EXERCISE OBJECTIVE —
Starting at the line containing "Micro D Patch Pocket Women's Jacket" and ending at the line containing "396 Tremont St - Photo 18", print every line of the material below exactly, both ends included, and stop there.

EXTRACTED DATA —
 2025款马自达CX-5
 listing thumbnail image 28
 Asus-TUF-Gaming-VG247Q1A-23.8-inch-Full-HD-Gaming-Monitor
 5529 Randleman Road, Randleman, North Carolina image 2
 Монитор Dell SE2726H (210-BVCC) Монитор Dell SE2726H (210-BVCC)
--
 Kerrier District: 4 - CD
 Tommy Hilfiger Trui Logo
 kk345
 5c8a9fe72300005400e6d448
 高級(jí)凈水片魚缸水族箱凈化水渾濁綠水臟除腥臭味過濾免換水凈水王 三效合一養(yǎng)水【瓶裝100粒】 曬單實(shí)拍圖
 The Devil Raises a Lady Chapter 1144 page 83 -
* * *
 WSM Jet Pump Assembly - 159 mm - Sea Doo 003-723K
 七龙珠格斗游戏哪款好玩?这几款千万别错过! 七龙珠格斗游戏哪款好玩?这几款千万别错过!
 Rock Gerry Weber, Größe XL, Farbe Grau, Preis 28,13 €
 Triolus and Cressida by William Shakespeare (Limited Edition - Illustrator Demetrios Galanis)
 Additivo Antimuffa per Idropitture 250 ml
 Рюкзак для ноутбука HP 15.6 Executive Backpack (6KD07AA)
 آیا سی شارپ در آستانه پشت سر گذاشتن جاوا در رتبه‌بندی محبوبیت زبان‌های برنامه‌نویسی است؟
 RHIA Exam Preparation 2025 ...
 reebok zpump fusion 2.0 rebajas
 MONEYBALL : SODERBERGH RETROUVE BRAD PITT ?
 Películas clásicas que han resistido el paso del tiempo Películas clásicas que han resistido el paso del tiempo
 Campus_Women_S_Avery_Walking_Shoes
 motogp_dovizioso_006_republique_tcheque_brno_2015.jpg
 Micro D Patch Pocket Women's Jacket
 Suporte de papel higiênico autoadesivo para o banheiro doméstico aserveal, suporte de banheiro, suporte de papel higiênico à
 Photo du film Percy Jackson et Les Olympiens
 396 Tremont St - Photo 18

ANSWER TO THE PROBLEM —
 Micro D Patch Pocket Women's Jacket
 Suporte de papel higiênico autoadesivo para o banheiro doméstico aserveal, suporte de banheiro, suporte de papel higiênico à
 Photo du film Percy Jackson et Les Olympiens
 396 Tremont St - Photo 18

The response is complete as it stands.